Heritage Academy is defending its decision to bar Runkles from her graduation ceremony.

School administrator David Hobbs wrote a letter to the Heritage family saying the school is disciplining the student "not because she's pregnant but because she was immoral."

The academy has a strict conduct code that forbids sexual immorality as well as the use of alcohol, tobacco, and illegal drugs.

A recent New York Times profile on Runkles drew national attention to her situation and ultimately led Hobbs to write publicly about the board's decision.

After Runkles announced her pregnancy earlier this year and asked for forgiveness, the school responded with several punishments including a two-day suspension and removing her from her student council position. They also banned her from the graduation ceremony on June 2nd.

"It's hard also to explain to non-Christians that I know. It's hard to witness for Christ when they see Christians shaming the pregnant girl and not wanting much to do with her," she tells CBN News.

Maddi's father sat on the school board but recused himself from the situation involving his daughter. Ultimately, he quit the board in protest over how the school treated her.

Maddi says her goal is not to "take down Heritage Academy" but to help others who may be in her situation by getting her story out there as an example to help the pro-life community and Christian schools think deeper about the issue.

"You don't treat pregnant students this way just because they're pregnant. They broke a rule, they have to serve the consequences for breaking that rule. But you don't continue to punish them over and over again," Maddi said.

Pro-life activists have offered support for Maddi, saying the decision to bar her from graduation is a mistake that will push some students toward choosing abortion.

Kristan Hawkins, the president of Students for Life, told the New York Times, "she made the courageous decision to choose life and she definitely should not be shamed."

Hawkins said she called Hobbs to privately discuss the situation and "to come to a compassionate understanding and resolution."

In a public statement, she expressed dismay at the school board's actions saying it has "either intentionally or unintentionally communicated to the school community that pregnancy (not simply premarital sex) is a shame and should not be observed within our school community."

Hawkins argues that Runkles has been singled out for special punishment just because she's pregnant.

"From what we've learned thus far, no other student in the school's history has been banned from walking at graduation for failing to abstain 'from sexual immorality and from the use of alcohol, tobacco, and illegal drugs.' Maddi is the only student, past or present, banned from walking at graduation," Hawkins said.

Runkles has said that her child's father does not attend Heritage.

Pro-life teen activist Autumn Lindsey has also publicly supported Runkles with a video that accuses the school of promoting abortion by punishing Runkles so severely.

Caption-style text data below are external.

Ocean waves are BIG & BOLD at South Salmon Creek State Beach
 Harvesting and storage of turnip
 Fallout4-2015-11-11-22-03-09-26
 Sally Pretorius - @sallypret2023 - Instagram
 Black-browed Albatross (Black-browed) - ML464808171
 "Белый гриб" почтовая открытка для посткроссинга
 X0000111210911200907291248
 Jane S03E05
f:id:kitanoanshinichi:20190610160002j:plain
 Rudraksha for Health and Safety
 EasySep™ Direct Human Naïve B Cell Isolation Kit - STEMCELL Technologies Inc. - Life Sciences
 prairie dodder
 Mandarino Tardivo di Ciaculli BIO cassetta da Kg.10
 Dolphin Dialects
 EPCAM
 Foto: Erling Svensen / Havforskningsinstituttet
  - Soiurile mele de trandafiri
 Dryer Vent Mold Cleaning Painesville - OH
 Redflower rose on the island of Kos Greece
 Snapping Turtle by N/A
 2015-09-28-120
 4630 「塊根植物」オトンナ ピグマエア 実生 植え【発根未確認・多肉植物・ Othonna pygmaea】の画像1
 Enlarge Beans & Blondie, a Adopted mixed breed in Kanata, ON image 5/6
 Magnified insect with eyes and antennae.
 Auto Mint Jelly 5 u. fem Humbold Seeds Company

"We have to change how we treat pregnant students," she said, "we have to offer more than an iron fist or a conduct code."

Hobbs says that the school is pleased that Runkles did not choose abortion. He says that he is concerned that the Heritage family will think that "the board and I are harsh, cruel, hard-hearted men," and explained that the decision came after "countless hours" in prayer and discussion.

Hobbs also said he hopes the graduation ceremony will be a night where God is glorified "in a dignified manner."